63. (1) Quiconque a déposé, conformément au règlement, une demande de parrainage au titre du regroupement familial peut interjeter appel du refus de délivrer le visa de résident permanent.

63. (1) A person who has filed in the prescribed manner an application to sponsor a foreign national as a member of the family class may appeal to the Immigration Appeal Division against a decision not to issue the foreign national a permanent resident visa.

[13]            Cette disposition crée manifestement un droit d'appel mais elle doit toutefois s'interpréter avec l'article 65 de la LIPR qui énonce :

65. Dans le cas de l'appel visé aux paragraphes 63(1) ou (2) d'une décision portant sur une demande au titre du regroupement familial, les motifs d'ordre humanitaire ne peuvent être pris en considération que s'il a été statué que l'étranger fait bien partie de cette catégorie et que le répondant a bien la qualité réglementaire.

65. In an appeal under subsection 63(1) or (2) respecting an application based on membership in the family class, the Immigration Appeal Division may not consider humanitarian and compassionate considerations unless it has decided that the foreign national is a member of the family class and that their sponsor is a sponsor within the meaning of the regulations.

Interprétées ensemble, ces deux dispositions établissent un cadre qui non seulement autorise mais exige le recours à un processus comportant deux étapes. Appliqué aux faits de l'espèce, l'article 65 énonce la condition selon laquelle les motifs d'ordre humanitaire ne peuvent être pris en considération que si la SAI décide que l'étranger (en l'espèce, la fille de la demanderesse) fait partie de la catégorie du regroupement familial et que le répondant (la demanderesse) est bien un répondant au sens du Règlement. Autrement dit, le législateur a mis sur pied un appel comportant deux étapes pour les affaires de ce genre, la première étape consistant à décider si l'étranger fait partie de la catégorie du regroupement familial et la deuxième étape - qui n'est suivie que lorsque le premier obstacle a été surmonté - étant consacrée aux motifs d'ordre humanitaire.


[14]            Après avoir précisé le cadre légal, j'examine maintenant la procédure qu'a suivie la SAI, notamment la lettre, dans le but de décider si la procédure de la SAI est conforme à la LIPR. La lettre à laquelle s'oppose la demanderesse a été envoyée par Susan Wilfong, coordonnatrice de la procédure auprès de la SAI, le 28 février 2005. Je vais examiner les différentes parties de la lettre pour déterminer s'il est possible d'interpréter cette lettre comme mettant sur pied un processus « assimilable à une autorisation » .

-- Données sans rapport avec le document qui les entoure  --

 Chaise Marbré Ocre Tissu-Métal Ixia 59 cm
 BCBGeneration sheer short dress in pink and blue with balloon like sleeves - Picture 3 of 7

[15]            Après avoir accusé réception de l'avis d'appel, la lettre énonce, en partie, ce qui suit :

[TRADUCTION] D'une façon générale, aux termes de l'article 67 de la LIPR, avant de faire doit à l'appel, la SAI doit être convaincue que la décision attaquée est erronée ou qu'il existe des motifs d'ordre humanitaire. Cependant, l'article 65 de la LIPR énonce que la SAI ne peut examiner les motifs d'ordre humanitaire si celle-ci décide que l'étranger parrainé n'est pas membre de la catégorie du regroupement familial par rapport au répondant. Dans ce cas, la SAI est tenue de rejeter l'appel.

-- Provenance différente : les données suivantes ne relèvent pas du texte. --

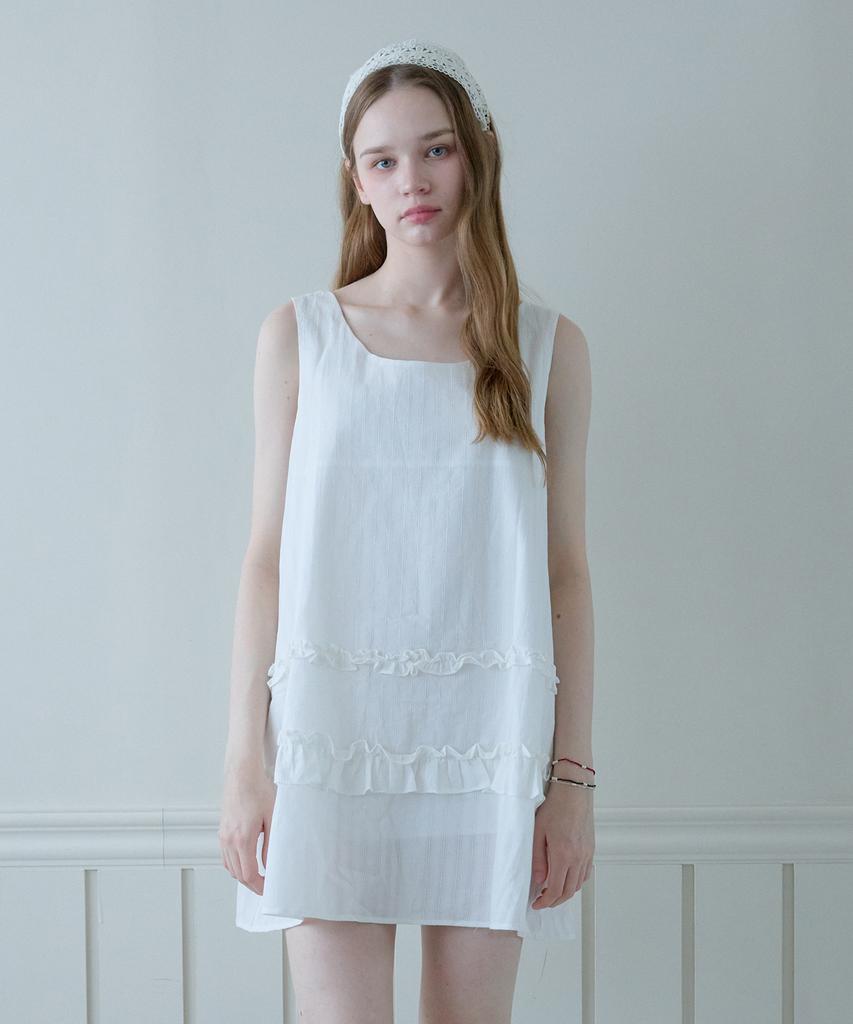 Pink Pineapple Sunny Dobby Frill Dress_White
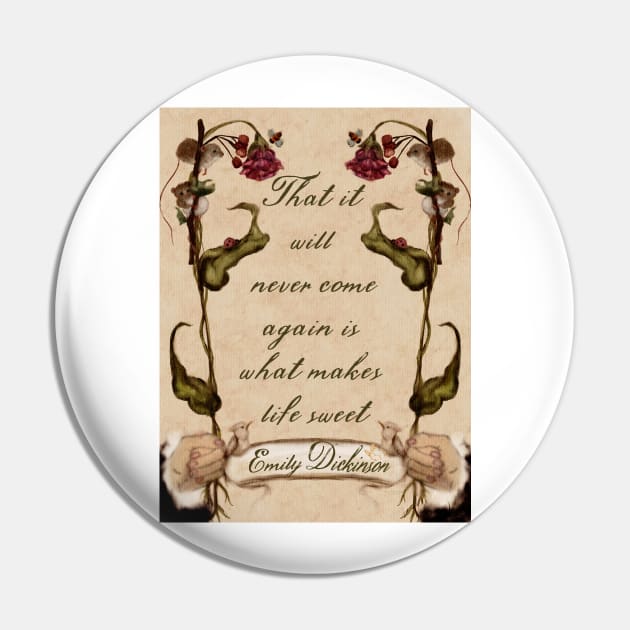 Emily Dickinson Quote That it  will  never come  again is  what makes  life sweet EMILY DICKINSON Woodland watercolor  frame Pin by penandbea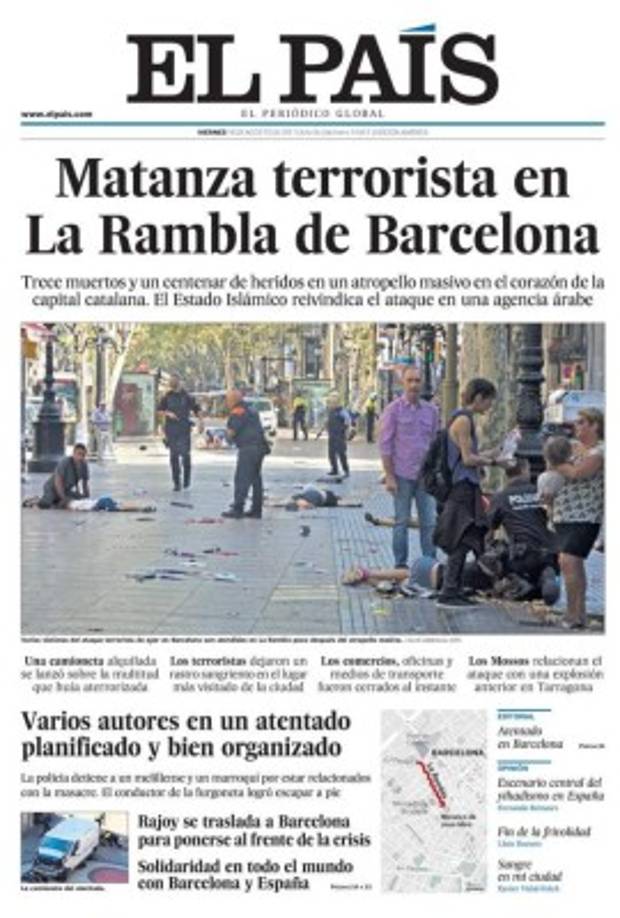 Diario EL PAÍS, el más conocido de los medio españoles destacó el ataque en su portada.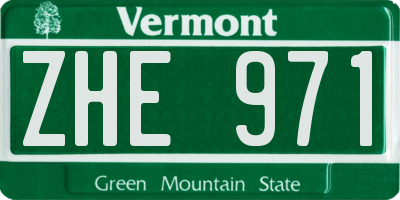 VT license plate ZHE971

[Souligné dans l'original.]

[16]            La lettre poursuit en décrivant l'article 117 du Règlement et énonce ce qui suit :

[TRADUCTION] Il semble que l'alinéa 117(9)d) vous soit applicable. Cet alinéa est rédigé comme suit :

(9) Ne sont pas considérés comme appartenant à la catégorie du regroupement familial du fait de leur relation avec le répondant les personnes suivantes :

d) sous réserve du paragraphe (10), dans le cas où le répondant est devenu résident permanent à la suite d'une demande à cet effet, l'étranger qui, à l'époque où cette demande a été faite, était un membre de la famille du répondant n'accompagnant pas ce dernier et n'a pas fait l'objet d'un contrôle.


Une note en bas de page invite le destinataire de la lettre à [traduction] « examiner les paragraphes 117(10) à (12) du Règlement, qui concernent certaines situations qui peuvent avoir une incidence sur l'application de l'alinéa 117(9)d) » .

[17]            La lettre énonce ensuite ceci :

[TRADUCTION] L'examen des documents figurant dans le dossier d'appel semble indiquer que les étrangers que vous avez parrainés n'ont pas été examinés à titre de membres de la famille du répondant ne l'accompagnant pas à l'époque où vous avez immigré au Canada. Si l'alinéa 117(9)d) s'applique, alors votre appel sera rejeté.

Les passages de la lettre que je viens de reproduire contiennent un énoncé exact des faits ou une description de la procédure de la SAI ou du droit applicable. Je ne vois là aucune pratique de la SAI susceptible d'être interprétée comme une limite au droit d'appel de la demanderesse.

[18]            Le paragraphe suivant est celui qu'invoque la demanderesse pour montrer que la procédure de la SAI est « assimilable à une autorisation » :

[TRADUCTION] Si vous estimez que la SAI doit poursuivre l'examen normal de l'appel, vous êtes tenue de fournir une copie des renseignements ou des arguments que vous présentez à l'appui de votre position à notre agent du greffe de la SAI et à l'avocat du ministre.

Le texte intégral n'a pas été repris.